Pictures with short captions:
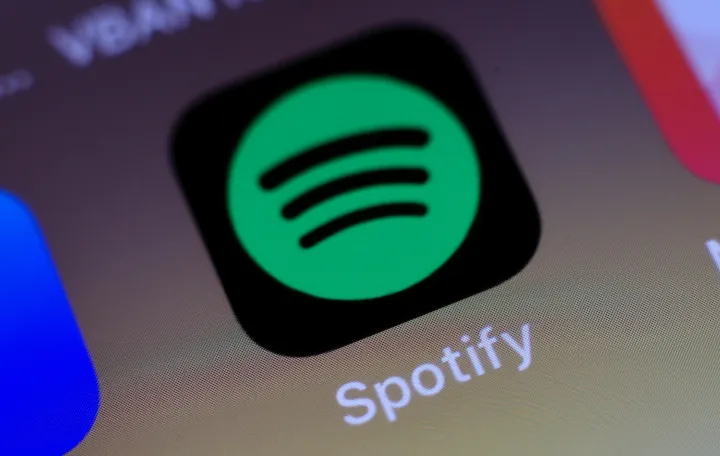 epa08573688 The logo of music streaming company Spotify is pictured on a smartphone in Taipei, Taiwan, 30 July 2020. The Stockholm-based company released its second quarter revenue results on 29 July 2020. EPA/RITCHIE B. TONGO/Ritchie B. Tongo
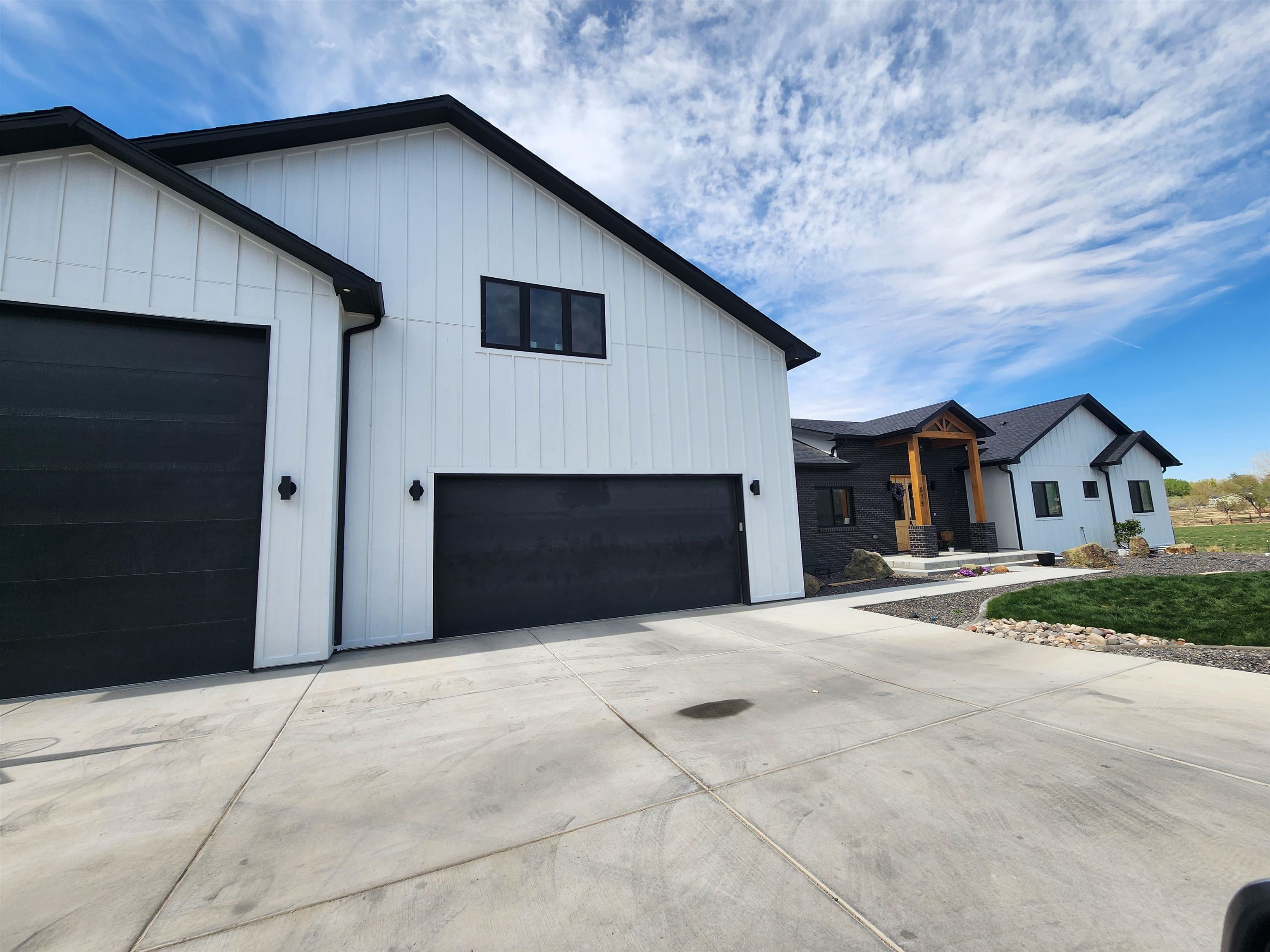 875 Quail Meadows Court Property Photo 1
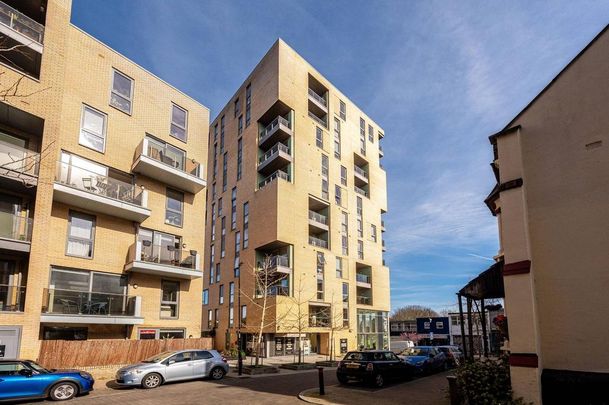 2 bedroom flat to rent - Photo 1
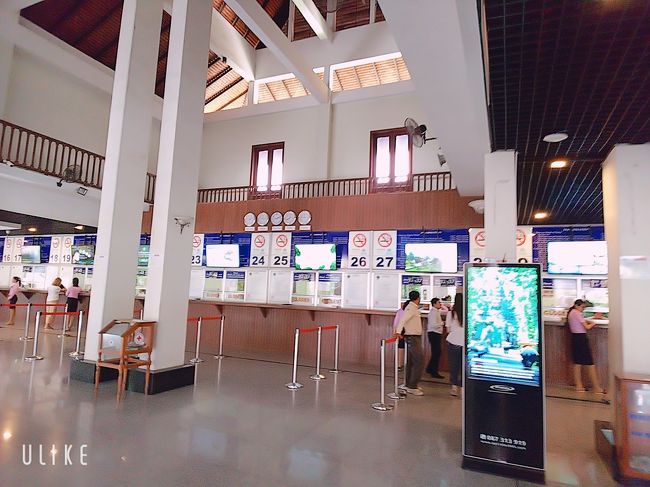 本日はベルトラで申し込んだ3大遺跡と夕日のツアー。<br />チケット売り場にまず案内されました。<br />3人、お一人様ばかりのツアーで気兼ねなくてよかった。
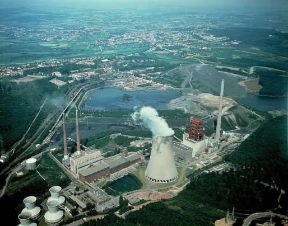Industria . Gli impianti di una centrale elettrica presso Saarbrucken, in Germania.De Agostini Picture Library/Pubbli Aer Foto Industria . Gli impianti di una centrale elettrica presso Saarbrucken, in Germania.De Agostini Picture Library/Pubbli Aer Foto
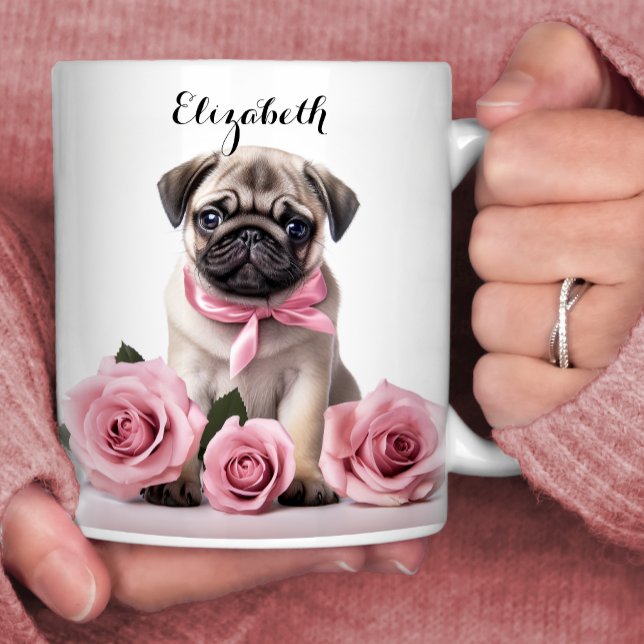 Hübscher Mops Welpen Rosen Personalisierter Hund Kaffeetasse (Von Creator hochgeladen)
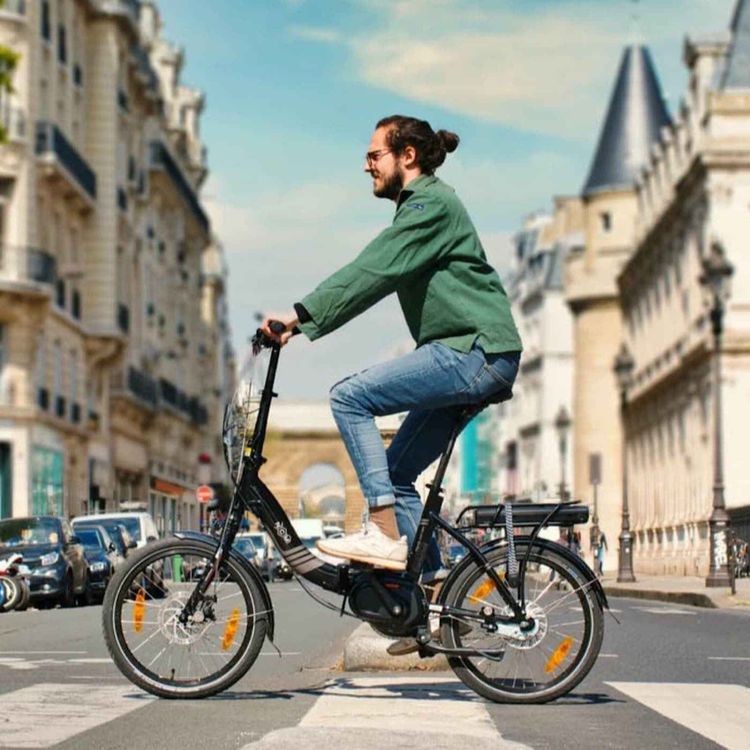 cover art for Leon Cycle choisit Lyon pour son siège France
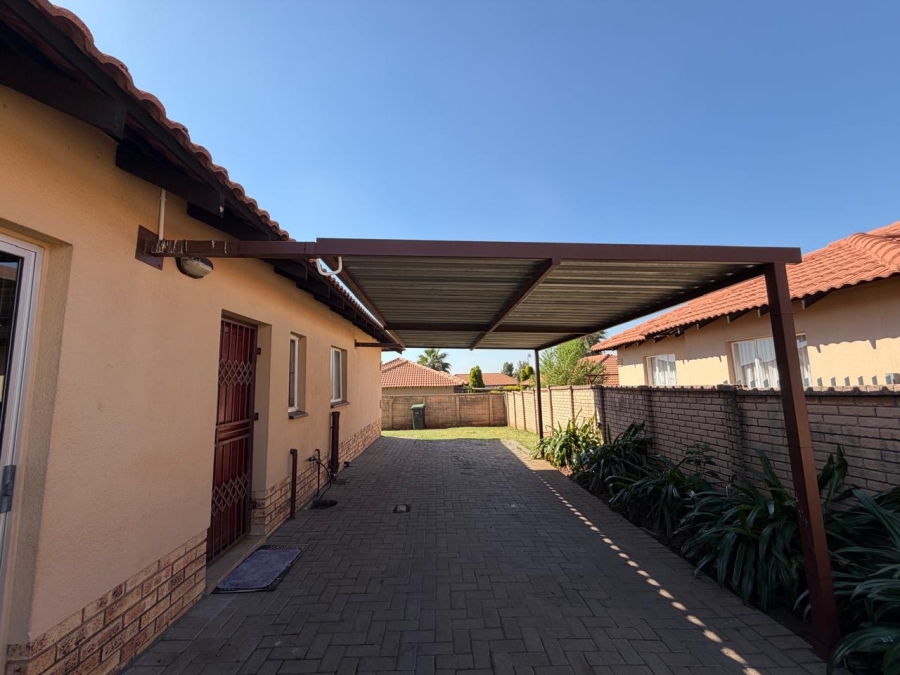 To Let 3 Bedroom Property for Rent in Waterkloof Hill Estate North West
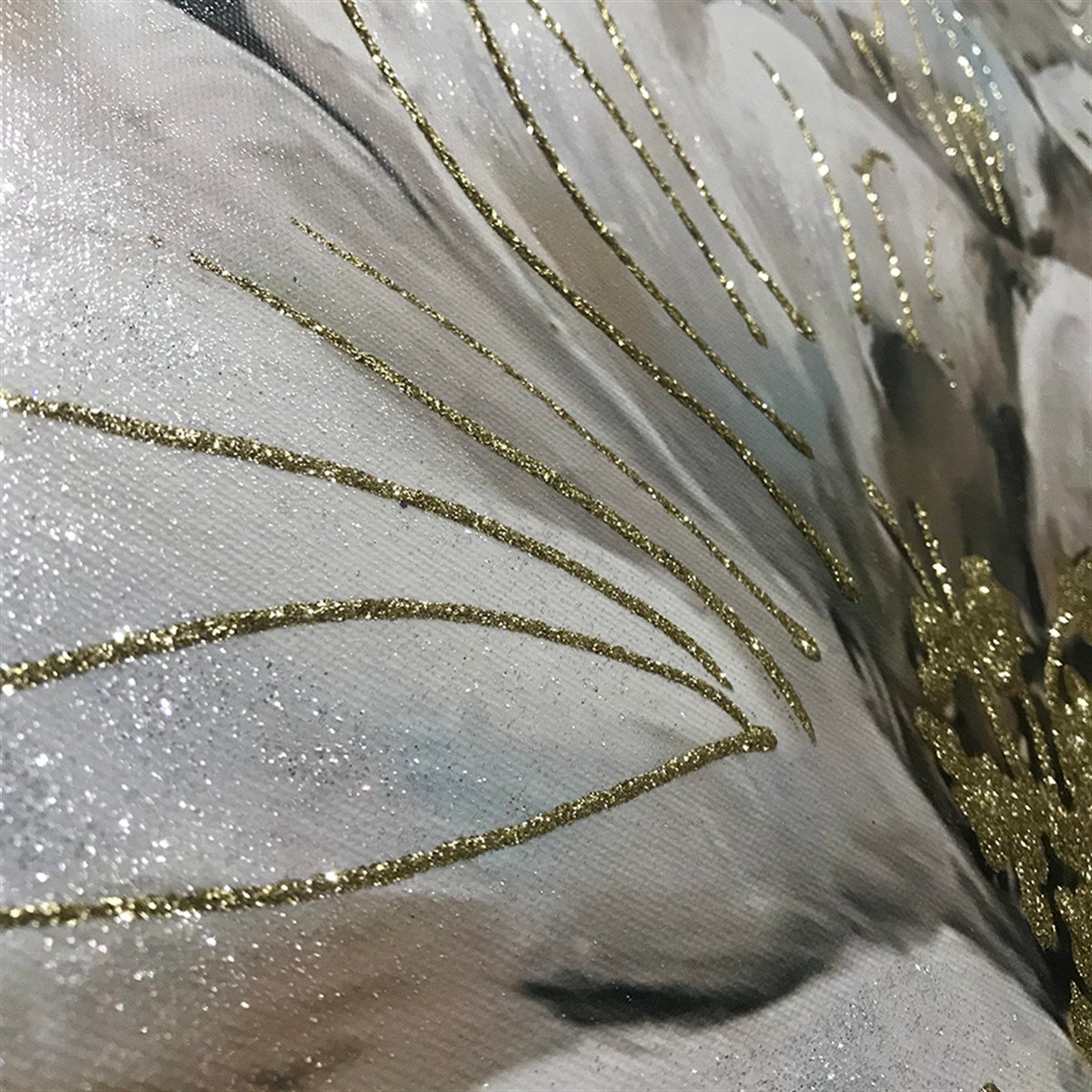 Beyaz ve Gold Simli Modern Çiçek Kanvas Tablo Beyaz ve Gold Simli Modern Çiçek Kanvas Tablo Simli Çiçek Tabloları KARAHAN ÇERÇEVE ve KANVAS TABLO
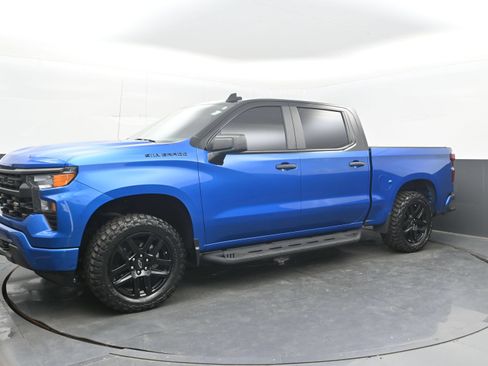 Used 2022 Chevrolet Silverado 1500 Custom AWD/4WD image 5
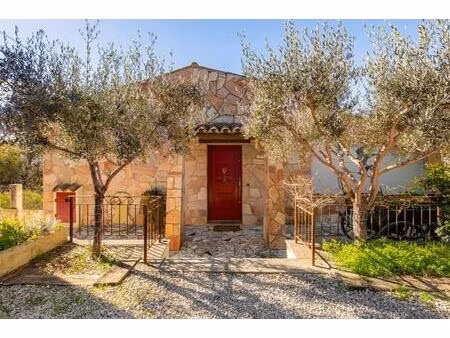 maison de 3 pièces de 88 m² à vidauban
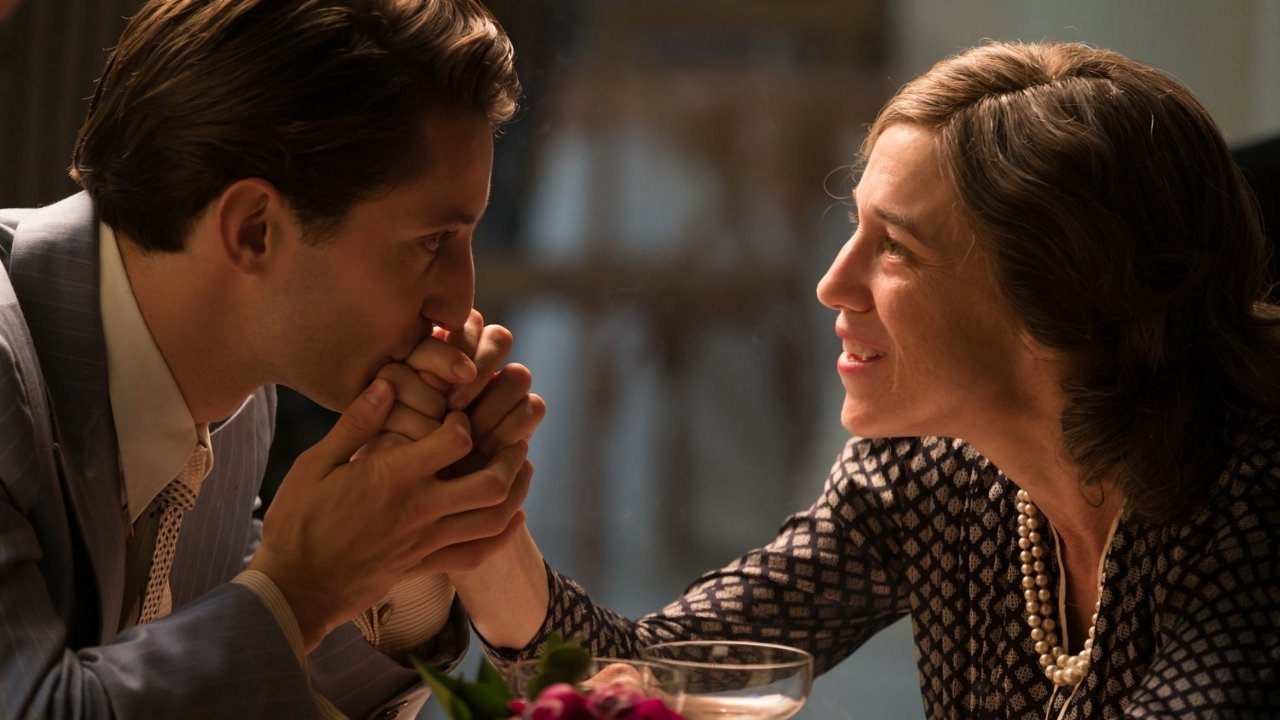 Promise at Dawn Background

**Task goal**.
Lines starting at the one with "Used 2022 Chevrolet" and ending at the last line of the entries above must be restated word for word, with pictures omitted.

**Written solution**.
 Used 2022 Chevrolet Silverado 1500 Custom AWD/4WD image 5
 maison de 3 pièces de 88 m² à vidauban
 Promise at Dawn Background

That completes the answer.